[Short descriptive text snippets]
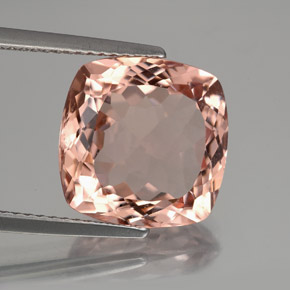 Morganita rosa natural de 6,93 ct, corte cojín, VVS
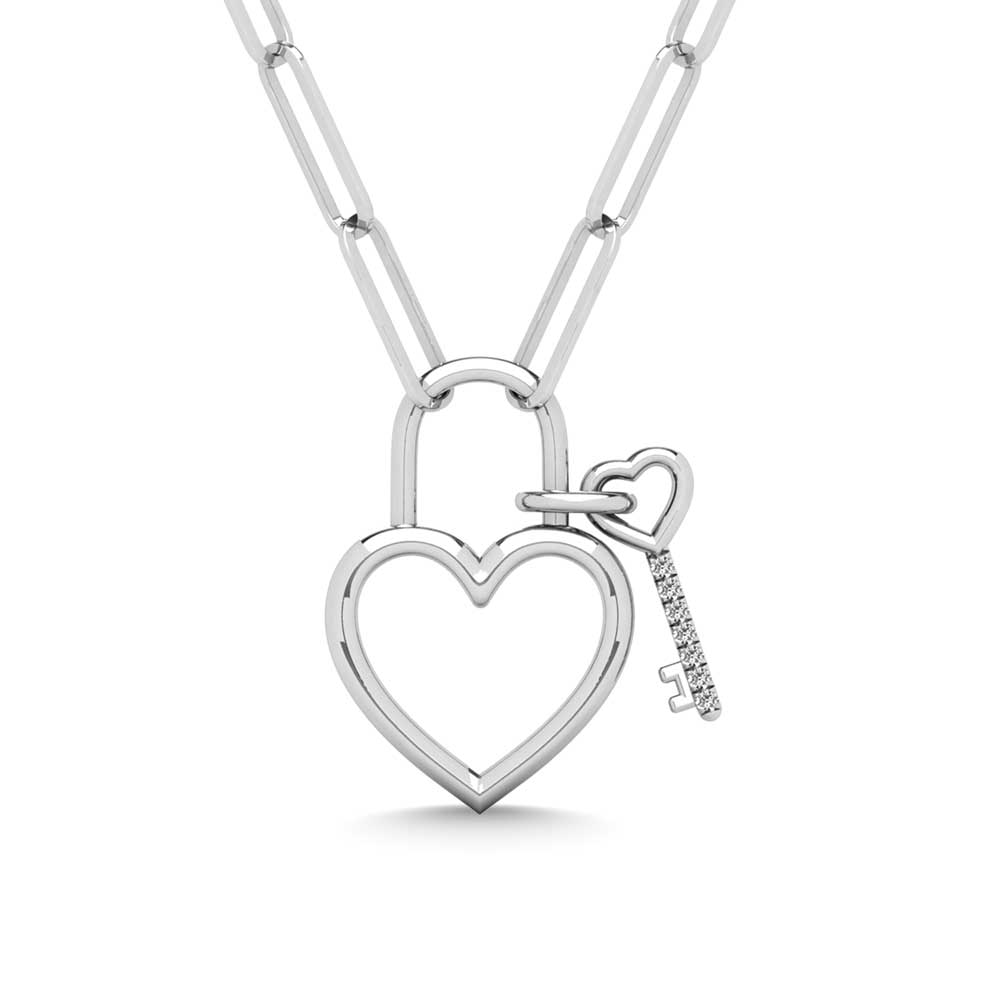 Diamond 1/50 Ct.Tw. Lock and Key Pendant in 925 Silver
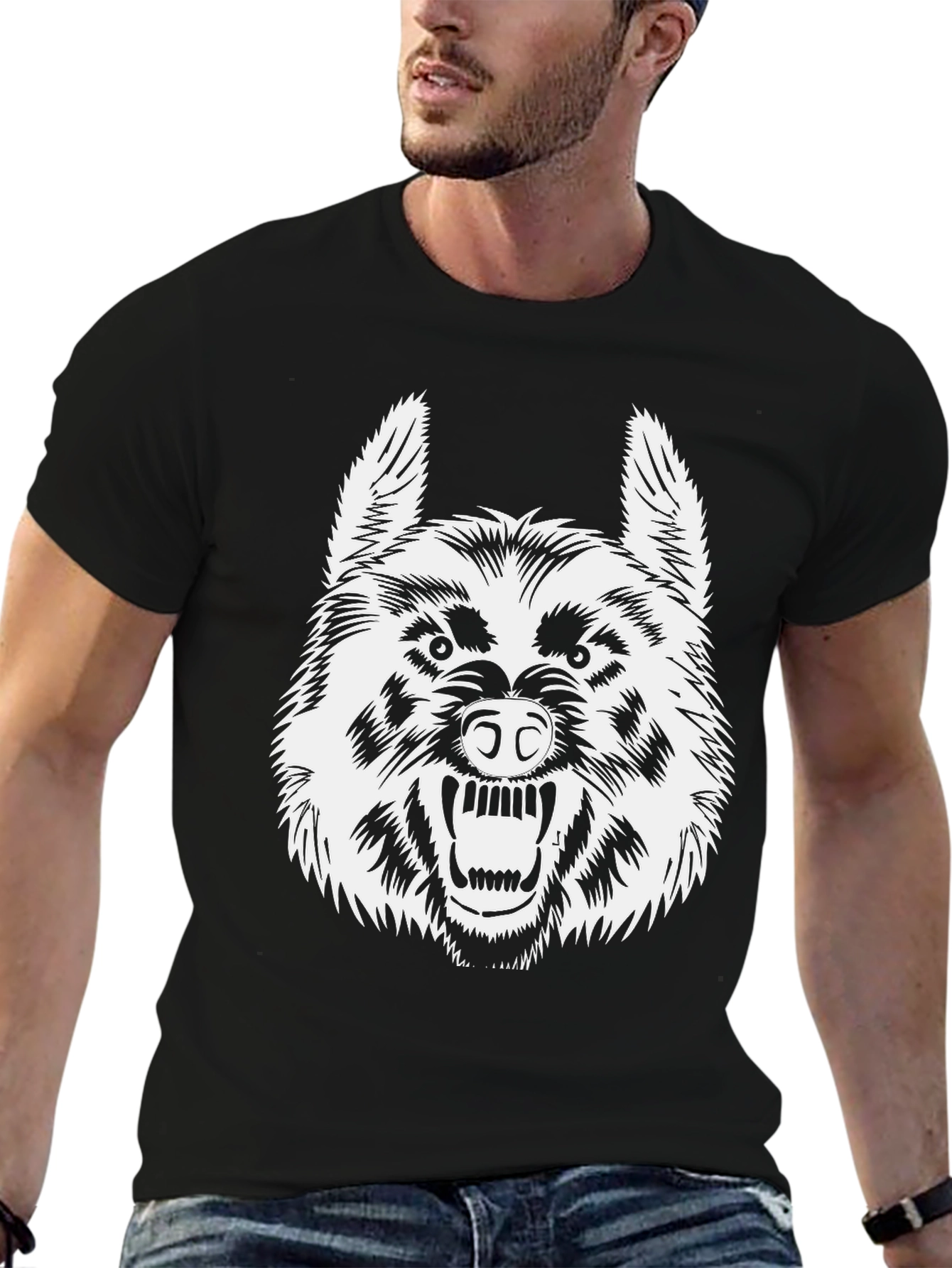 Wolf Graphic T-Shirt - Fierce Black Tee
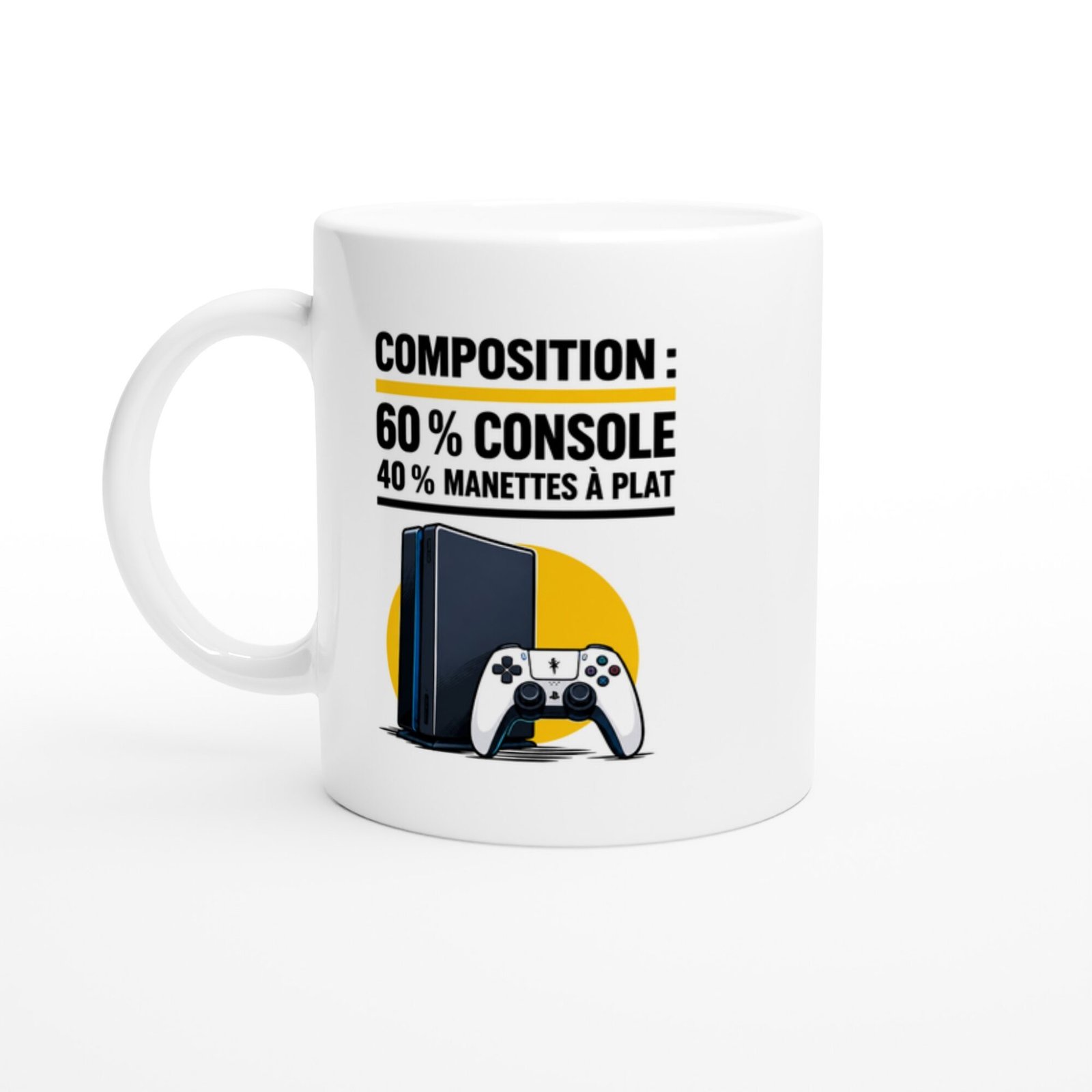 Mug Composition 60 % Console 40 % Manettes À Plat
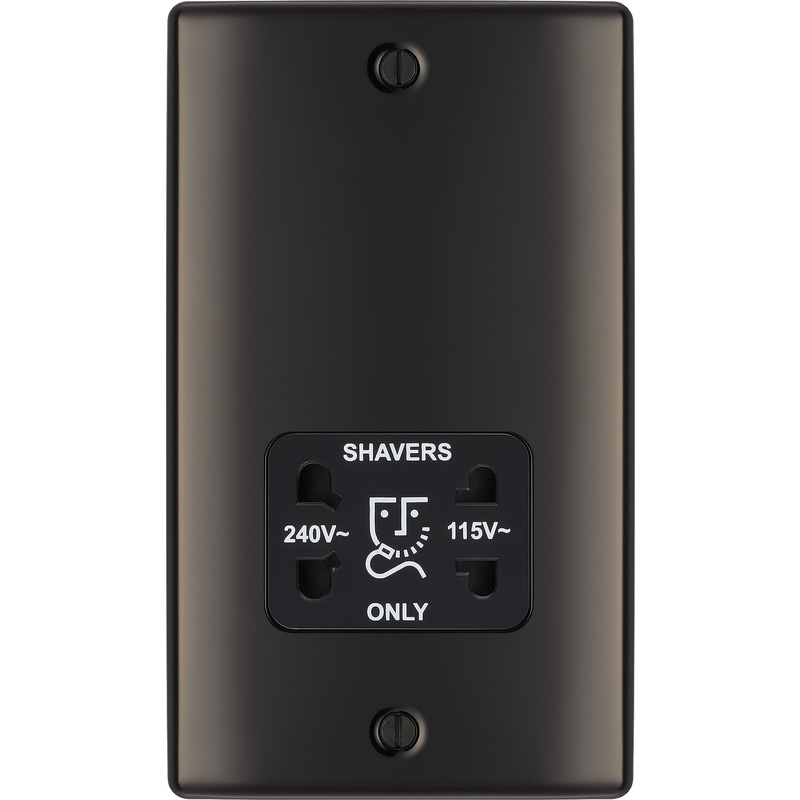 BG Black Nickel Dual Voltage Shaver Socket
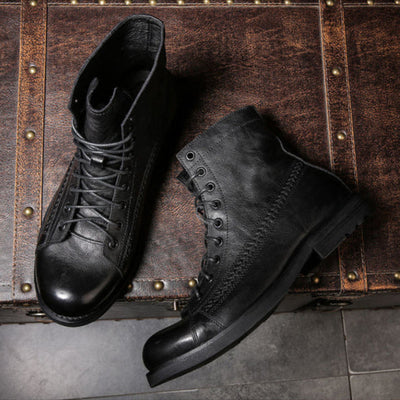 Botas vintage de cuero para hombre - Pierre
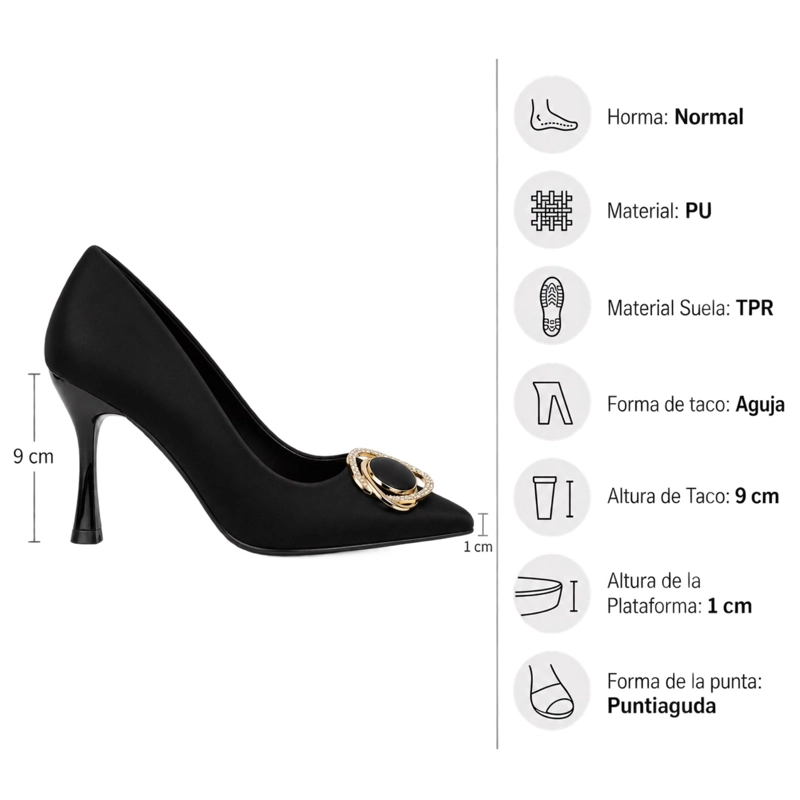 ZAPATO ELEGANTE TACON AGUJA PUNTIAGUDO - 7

> _What you need to do_:
Keeping the pictures out, output the records from above exactly and completely.

> _Result of this task_:
 Morganita rosa natural de 6,93 ct, corte cojín, VVS
 Diamond 1/50 Ct.Tw. Lock and Key Pendant in 925 Silver
 Wolf Graphic T-Shirt - Fierce Black Tee
 Mug Composition 60 % Console 40 % Manettes À Plat
 BG Black Nickel Dual Voltage Shaver Socket
 Botas vintage de cuero para hombre - Pierre
 ZAPATO ELEGANTE TACON AGUJA PUNTIAGUDO - 7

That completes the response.